After You’ve Found Your Family RV
Once you’ve chosen a bunkhouse, or even a mid-bunk model, creating the sleeping space that’s ideal for your family just takes a little creativity, time, and effort.
In each rig we’ve purchased, one non-negotiable for us has been for the kids to have their own permanent sleeping space. We have never wanted kids sleeping on the living room couch on a pull-out bed at night. Instead, we wanted them to have their own rooms, just like they would in a house environment. For us, the separation of space has always been a top priority.
Get Creative With Your Space
Our current rig is a Keystone Cougar 368mbi mid-bunk fifth wheel. When searching for our latest rig, we wanted a separate sleeping area for our girls and boys and knew our teen girls would appreciate a room with a door they could close for some privacy. There are several mid-bunk options on the market, but unfortunately, most mid-bunks on the market don’t come with built-in bunks. Instead most come with a sleeper sofa. Since each rig we own becomes our home away from home, our full-time home–a sleeper sofa just won’t cut it for 2 teen girls to sleep on night-after-night.
Because of that, we decided to go ahead and remove the sleeper sofa in the mid-bunk room and add some built-in bunk beds in its place. In addition to the beds, we wanted to add some extra clothing storage too, because our teen girls need a lot of that.
How We Modified Our Bunkhouse
First, we took the space and measured the height of the slide in that room. Knowing the height helped us decide how tall each bunk would be. We also factored in how big we wanted the drawers under the bottom bunk to be. Depending on that we took the remaining space, divided it, and that’s the amount we ended up having to work with for the two bunk bed openings.
After building a frame along the wall of the slide as the support for the top bunk we added plywood for the bed base. Instead of ordering custom-sized mattresses we purchased queen-sized memory foam mattresses and cut them to size for each of the bunk spaces.
Pro Tip: A bread knife or electric turkey carving knife make quick work of this job!
By adding the bunks in the mid bunk room, and the drawers for additional storage under the bunks, we created a space our girls could truly be comfortable in on the road!
Removing A Pull-Out Couch
When we purchased our first travel trailer we needed the bunk room to sleep five kids. However, we soon realized that was asking a lot from a pull-behind travel trailer! We eventually decided on purchasing a Keystone Passport with a double slide in the bunk room. It seemed to meet our needs in almost every area. It provided the most room to work with of any bunkhouse model we could find on the market. Each slide had a top bunk, so that worked! But, the bottom bunk areas had foam fold-out couches and those really weren’t going to meet our needs adequately.
Because of this, we needed to figure out how two kids could share the bottom bunk areas.
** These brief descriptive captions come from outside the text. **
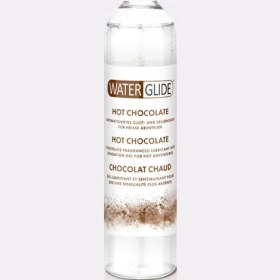 Resim Water Glide Çikolatalı 400 ml Anàl Kàydırıcı Vajìnal Kàyganlàştırıcı | Büyük Boy Kişisel Kullanım Kolay Taşınır Kolay Girişler Için Chocolate Lubrikant Jel 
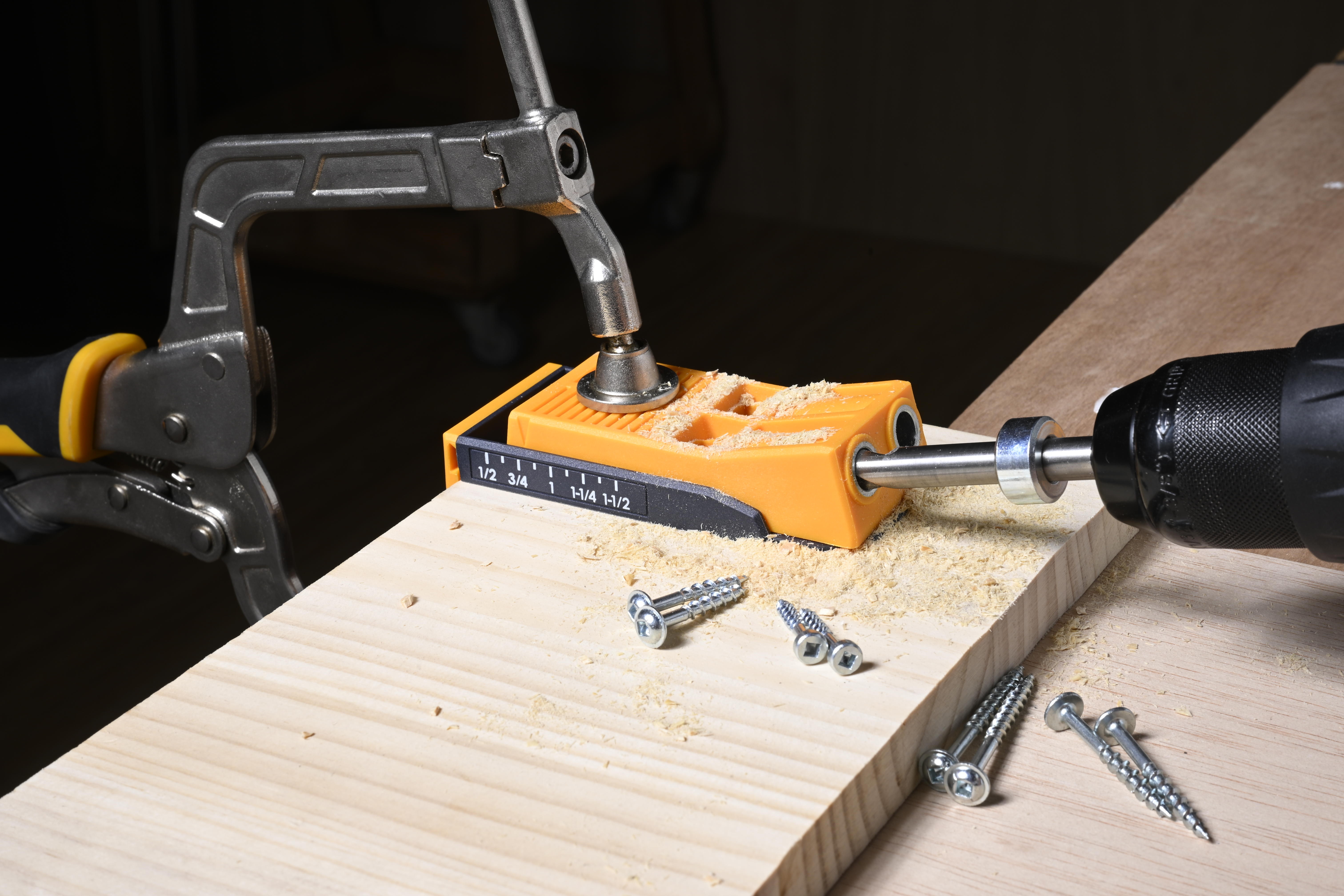 Pocket Hole Jig Guide: How to Choose the Right One and Use It Like a Pro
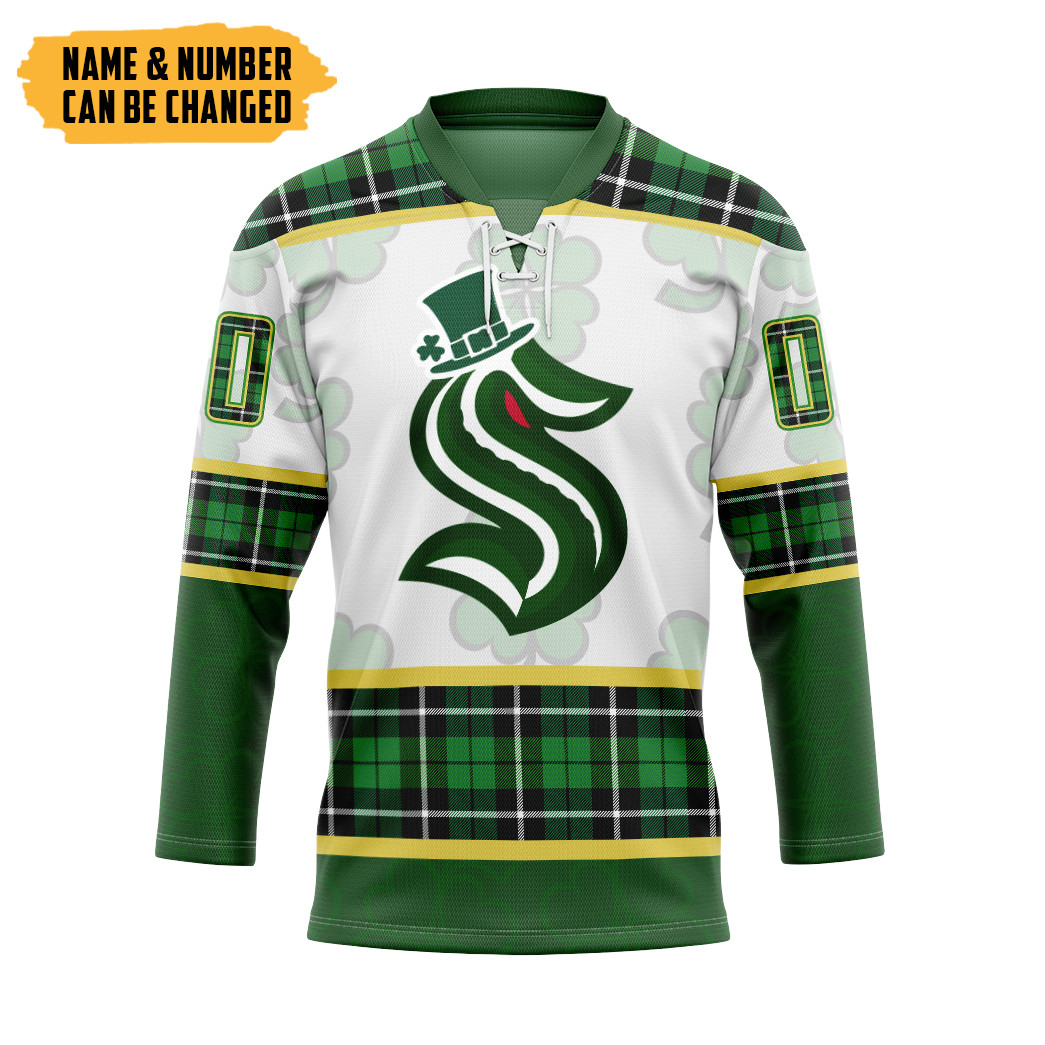 The Best Hockey Jersey Shirt 57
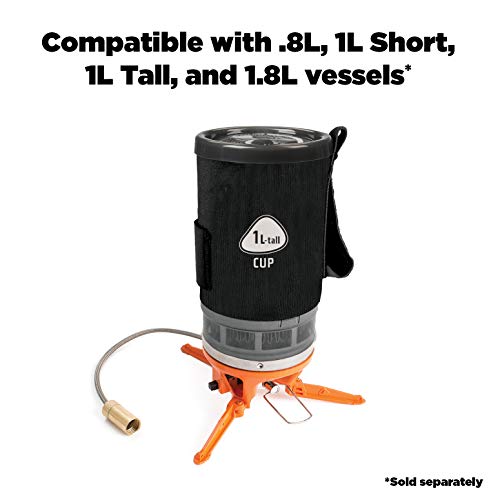 Jetboil Luna Satellite Side Burner For Eureka! Or Jetboil Jetlink Camping And Backpacking Stoves #TOP2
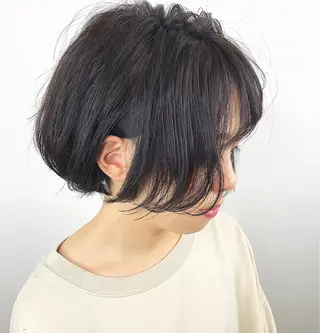 カラー メンズサロン アソビ元町のヘアスタイル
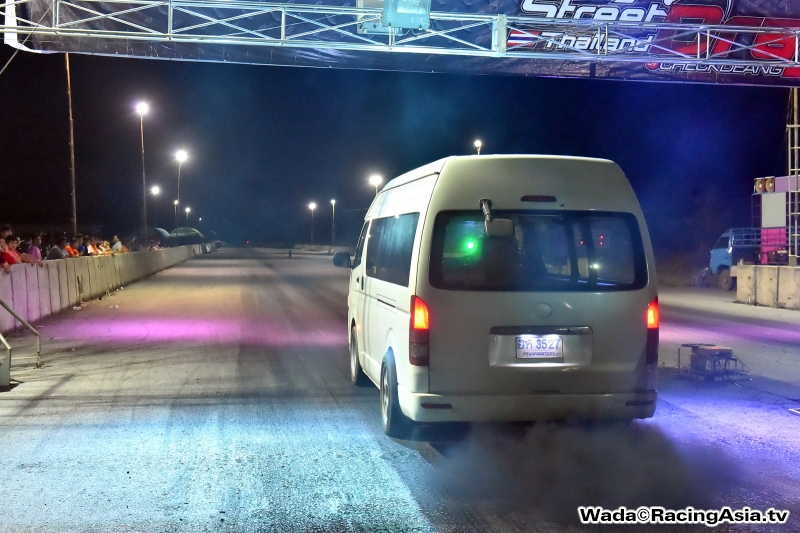 2016.02 Saraburi CheckDaeng Street Drag RacingAsia.tv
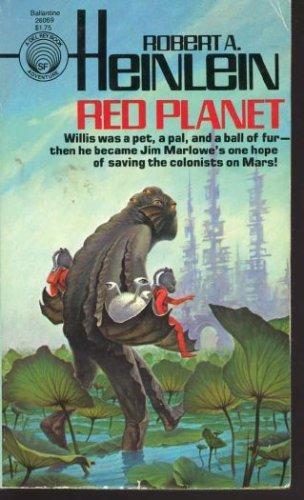 Robert A. Heinlein: Red Planet (1977)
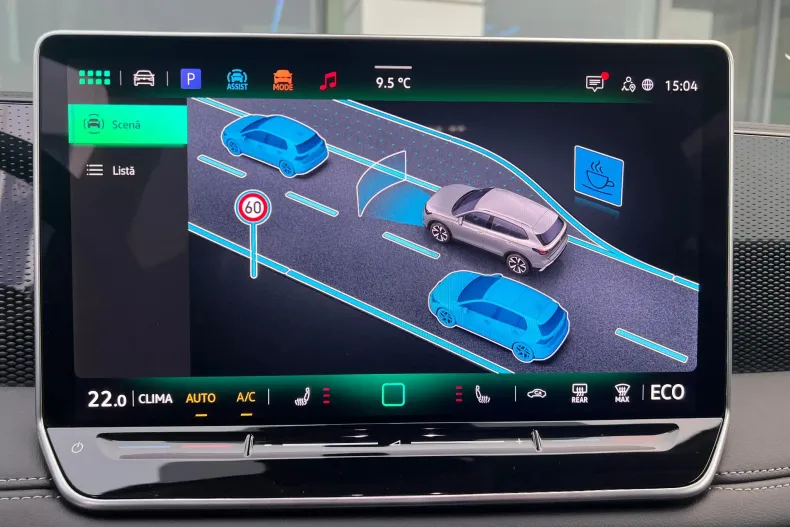 Volkswagen Tiguan din 2025 cu 6.839 km - oferta VOL162972 - foto 21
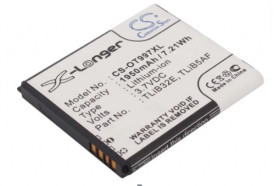 AKUMULATOR ALCATEL ONE TOUCH 997 TLIB32E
After brainstorming our options we ended up finding junior-sized beds at Ikea that would fit our 3 younger kids. These beds were bigger than toddler beds but shorter than twin-sized beds. One of them would fit length-wise perfectly when horizontally slid into the slide.
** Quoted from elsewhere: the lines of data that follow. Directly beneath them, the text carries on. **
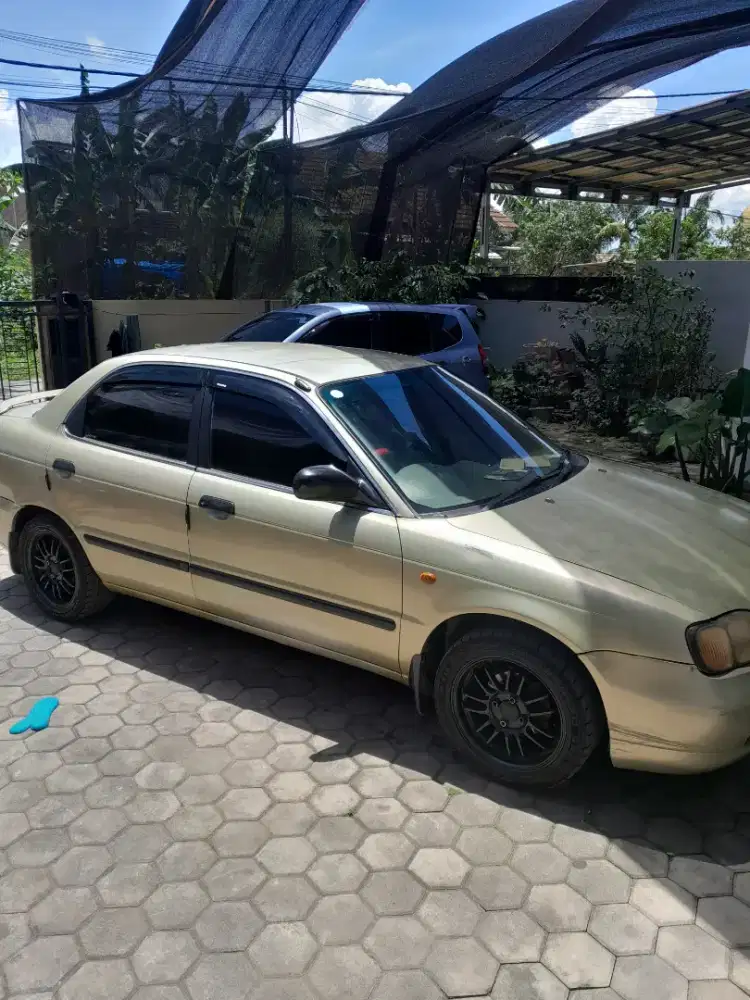Baleno tahun 2000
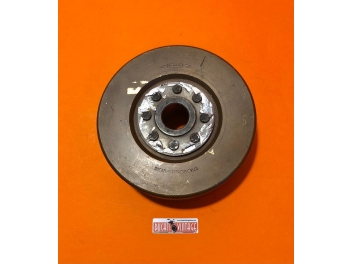 rotore/volano in ottone, originale, usato, per monocilindrici Ducati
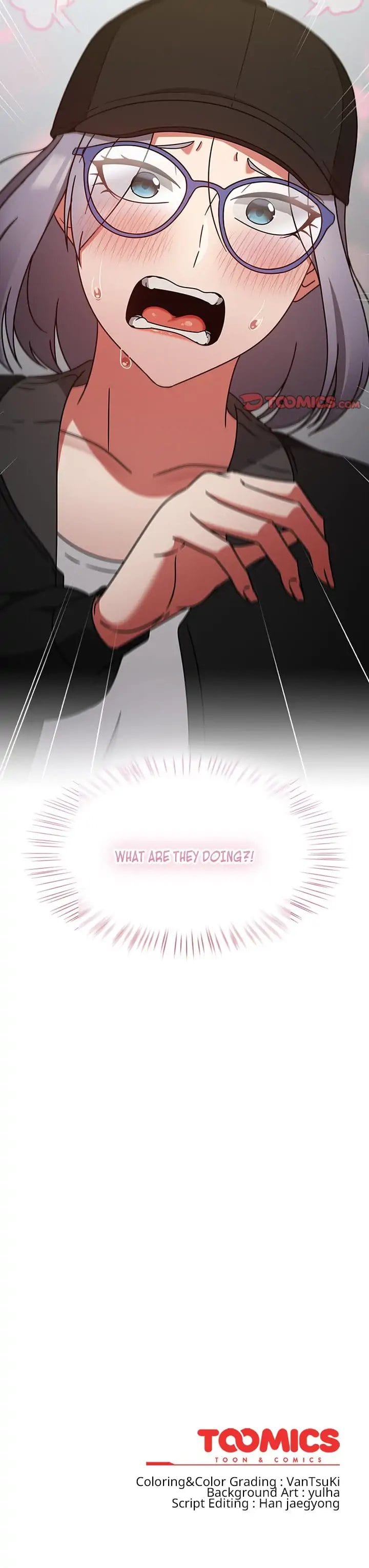 Ground and Pound (Uncensored), chapter 24, page 124 of 124
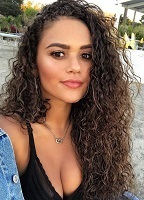 Madison Pettis nude scenes profile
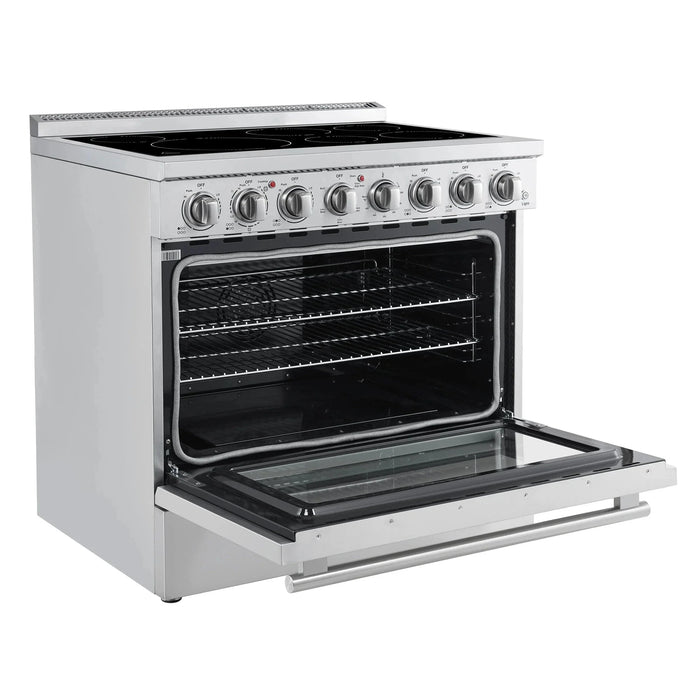 FORNO Paolo 36" Electric Range FFSEL6011-3609K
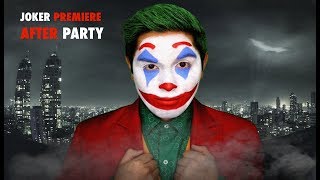Joker Premiere After Party Starring: The JOKER ASMR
We went ahead and removed the foam couches and placed one junior bed in one of the slides. On the opposing slide, we placed two junior beds side by side with the headboards in the slide and the beds extending out into the room. This set up allowed each child to have their very own beds as we traveled.
Because of the length of the beds, and how we placed two of them side by side into the slide on one side of the room, on moving days we would have to pick up each bed and horizontally stack them on top of each other whenever we had to bring in the slides. It was a little extra work but totally worth it to make our home on wheels comfortable for our family.
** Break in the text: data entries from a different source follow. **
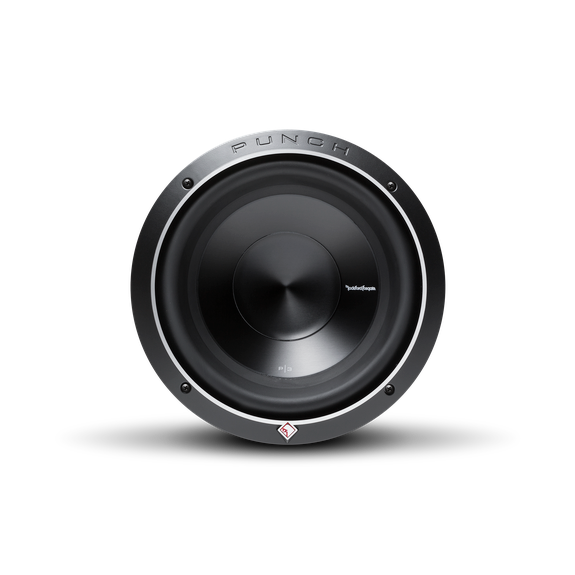 Rockford Fosgate P3D4-10 10" 4-Ohm Subwoofer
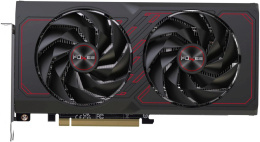 Видеокарта Sapphire AMD Radeon RX 7600XT 11339-04-20G RX 7600 XT GAMING OC 16ГБ Pulse, GDDR6, OC, Ret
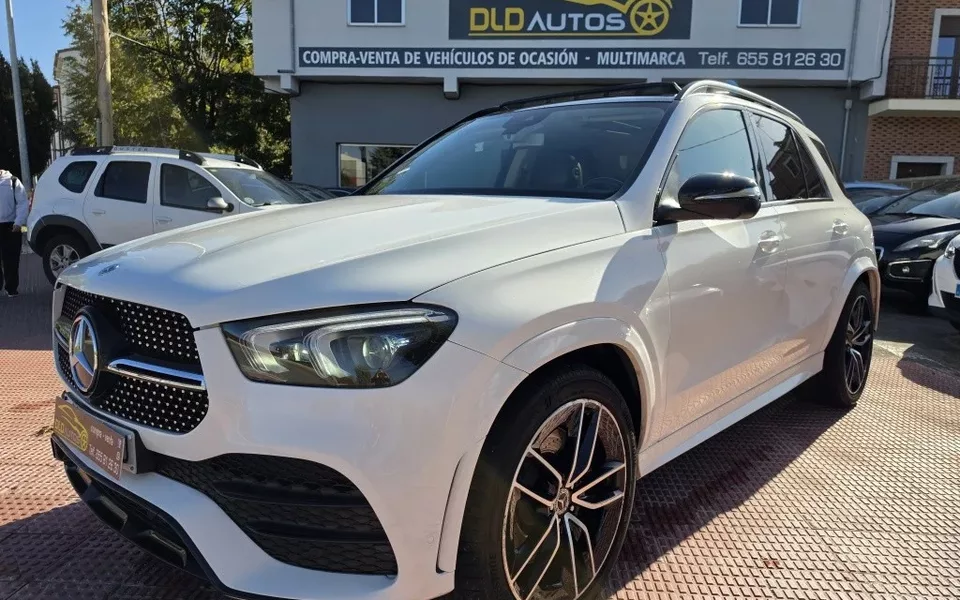 MERCEDES-BENZ Clase GLE GLE 450 4Matic Aut. - 41999€ en PeÑaranda de bracamonte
Transforming a Toy-Hauler Into a Bedroom
This garage space provided one queen bed and a table and benches. Both the bed and the table bench combo were on a hydraulic lift that allowed them both to be raised during the day when not in use. Again, we had to make this space work for numerous children. Since one queen bed wasn’t enough we decided to remove the table and benches and use the frame to create another queen-sized bed. By using the existing frame we only had to add plywood as a base for the mattress. In doing this we increased the sleeping space in that room for an additional 2 people.
A Little Modification Can Go a Long Way
Even if you’re struggling to find the perfect rig for your family don’t let the thought of a little modification scare you off! In fact, if you’re not up for the handiwork yourself, have Camping World Renovation Services bring your design to life.
In the case of the bunk areas, there are so many ways to get creative and make that space work for you with just a little creativity, time, and effort. Turn your bunk area into an extra closet, an art studio, an RV office, or a bar counter.